April 2, 2009 | 12:31 pm

Borntorun350jpg Guitars, like their owners, aren’t immortal, which is one reason why Eric Clapton decided to donate his celebrated “Blackie” Fender Stratocaster for a charity auction five years ago. (It fetched just under a cool $1 million.) Years on the road and in the studio had taken its toll, he said, so it was time to move on.

Bruce Springsteen, the subject of a Sunday Calendar profile, may be feeling the same way about his most famous Telecaster, the one he’s holding on to on the cover of the “Born to Run” album, which was fairly road-tested when that album came out 34 years ago. The Boss recently started exploring the idea of getting a clone to take on tour so the original doesn’t suffer further abuse, asking the folks at Fender’s Custom Shop about building him a doppelganger.

One of the Custom Shop’s innovations has been its Tribute series of replica guitars, which are copies of famous instruments duplicated down to the nick, scuff, scratch and cigarette stain. Currently the company has an Andy Summers Telecaster and a Rory Gallagher Strat copied from those players’ own guitars. They’ve also mirrored guitars played by Stevie Ray Vaughan, Clapton and other guitar heroes.

After Springsteen expressed interest in a copy of his signature Tele, Custom Shop marketing director Mike Eldred suggested a limited run of the iconic guitar, with maybe 100 instruments from which proceeds could be donated to the charity of Springsteen’s choice.

“He sent us a note back, saying, ‘That sounds like about 99 too many,' ” Eldred said recently.

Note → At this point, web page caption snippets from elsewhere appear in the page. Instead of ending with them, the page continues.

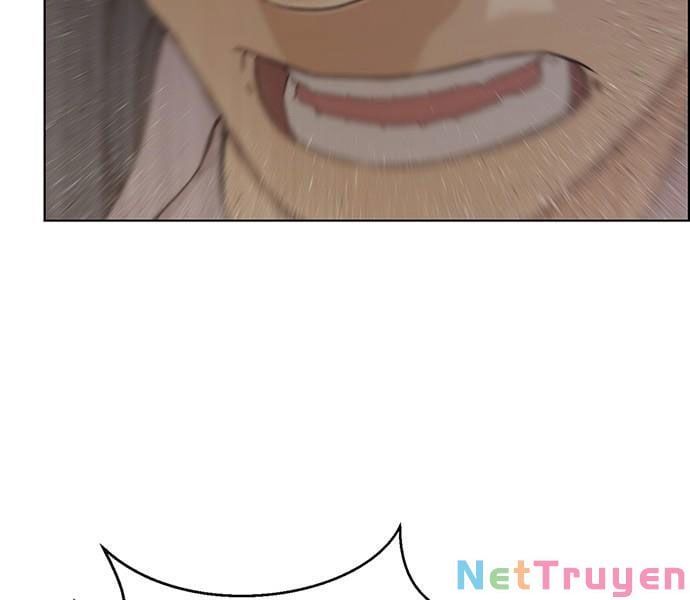 đọc truyện Người Đàn Ông Thực Thụ Chương 68 ảnh 135 tại Thiên Thai Truyện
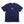 Load image into Gallery viewer, NWO BEER LABEL SHIRT design by TOYA HORIUCHI(NAVY)
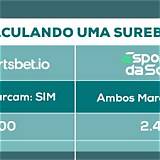 surebet grátis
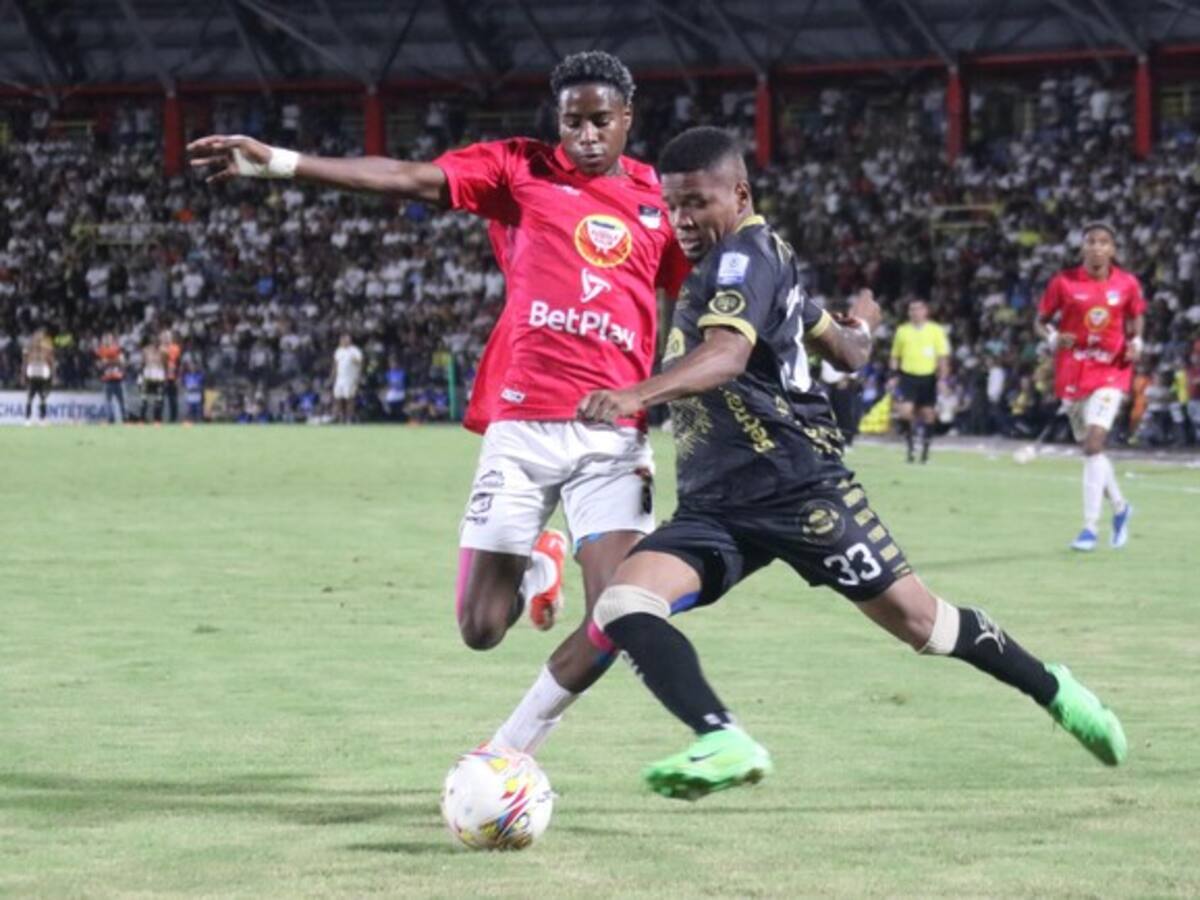 Torneo de Ascenso 2024: cuentas de los equipos para llegar a la final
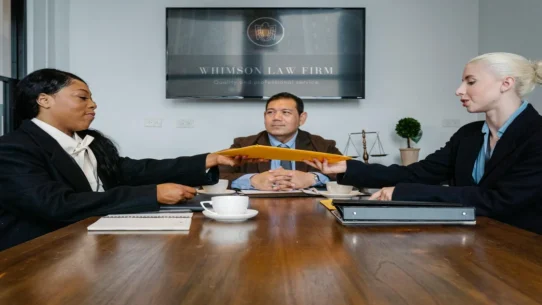 PinkPantheress Illegal Remix - PinkPantheress Illegal Remix Triggers New Global Copyright Lawsuit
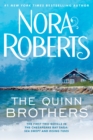 Image for Quinn Brothers: 2-in-1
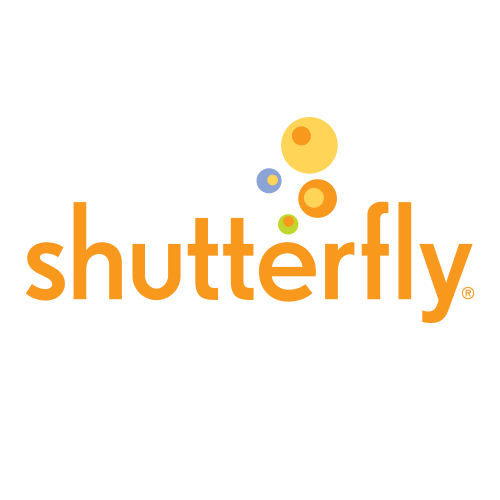 Shutterfly Coupons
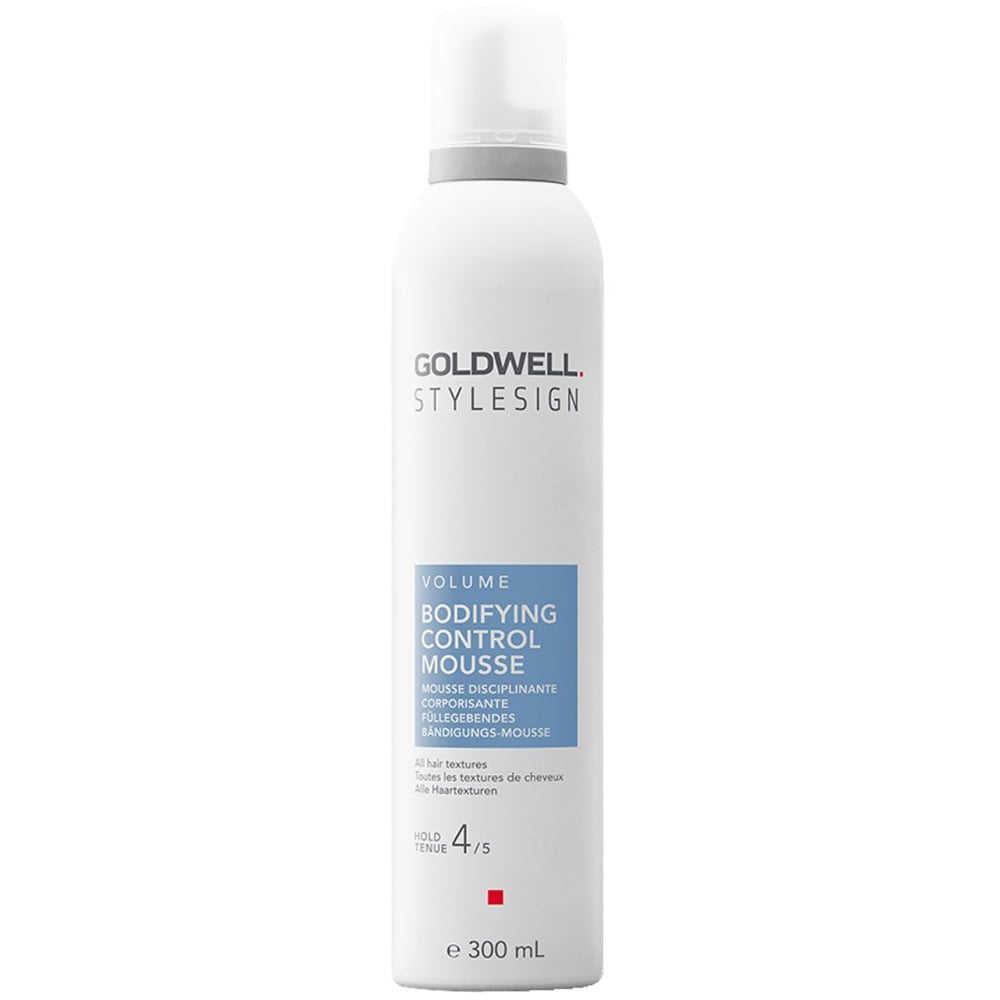 300 ml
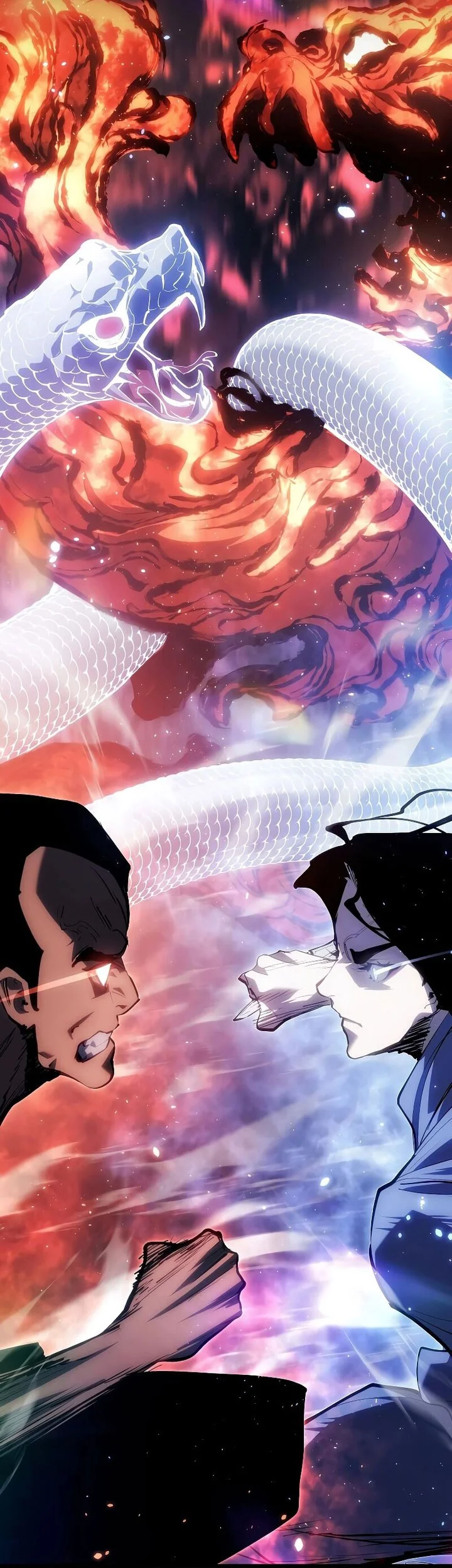 Chapter 92 — halaman 10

They’re still awaiting word on whether the Boss wants to move forward with just the one. In any case, fans may never know if he ever does get one, since the copies are virtually indistinguishable from the original. That one is currently on display at the Rock and Roll Hall of Fame in Cleveland as part of a Springsteen exhibit, where you can look, but you'd better not touch.

— Randy Lewis

UPDATE: An earlier version stated that Springsteen has the "Born To Run" Telecaster with him on his current tour. It is on loan to the Rock and Roll Hall of Fame for an exhibit that opened this week.